Accounts of nature opened and closed The Philadelphia Orchestra’s second week of subscription concerts, and in just two works Yannick Nézet-Séguin and company captured the elements in all their glory and terror. A programming theme this season involves pairing a Beethoven symphony with a new work that puts itself in conversation with the canonical piece, and Robin Holcomb’s Paradise might be the most successful entry I’ve yet encountered in this category. The title holds a double meaning – not only does it evoke our world in its most tranquil state, but it also refers to the California town almost wholly destroyed in the devastating 2018 Camp Fire. Holcomb structures her ten-minute tone poem in three sections that depict the approach and aftermath of this tragic event, with the raging storm at its center.

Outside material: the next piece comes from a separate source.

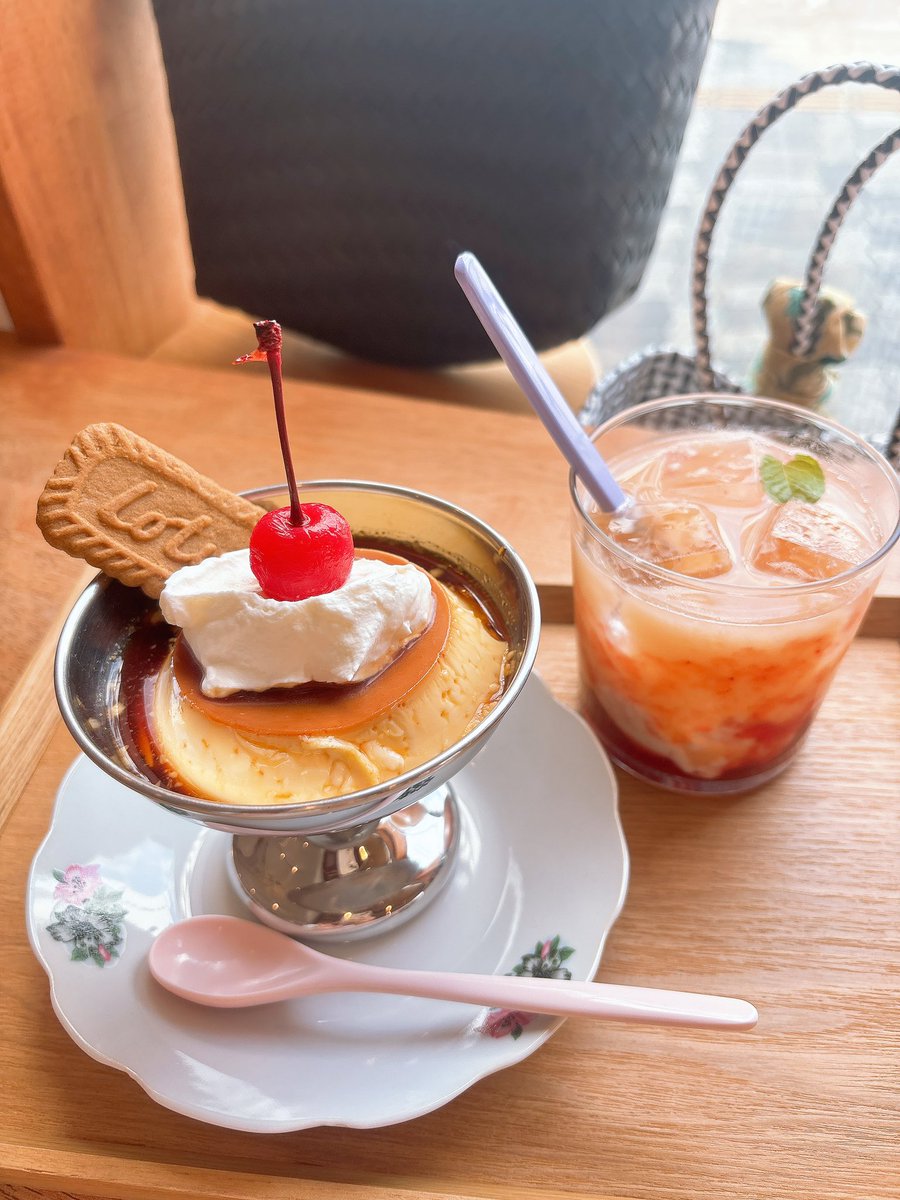 a239_n_'s tweet photo. 美味しかった🍮🍒 https://t.co/jrKkPJ4fAv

Yannick Nézet-Séguin conducts The Philadelphia Orchestra
© Pete Checchia

A sweet woodwind song in the opening bars disguises hidden danger. You might be hearing birdcall on an unseasonably warm November morning, just as it was on that day of destruction, or those flinty notes could represent the embers crackling off and igniting the blaze. Whatever they signify, that spare introduction morphs into an overwhelming sound that engulfs the whole orchestra, with thick brass and agitated strings mimicking the panic of a situation that quickly slips out of control. Tempos vary wildly for the rest of the piece, suggesting a battle between containment and uncontrolled consumption. Nézet-Séguin handled these volatile shifts masterfully, never obscuring the narrative thread. When the piece concluded still very much in the thick of things thematically, you sensed that Holcomb has infused her writing with feelings of fear and uncertainly up to the very end. It ends not cleanly but truthfully – just as Paradise’s recovery continues to this day, long after the event that scarred the town permanently. Ecstatic applause greeted Holcomb when she took the stage for a bow, and she looked genuinely touched when a second round broke out as she returned to her seat in the auditorium.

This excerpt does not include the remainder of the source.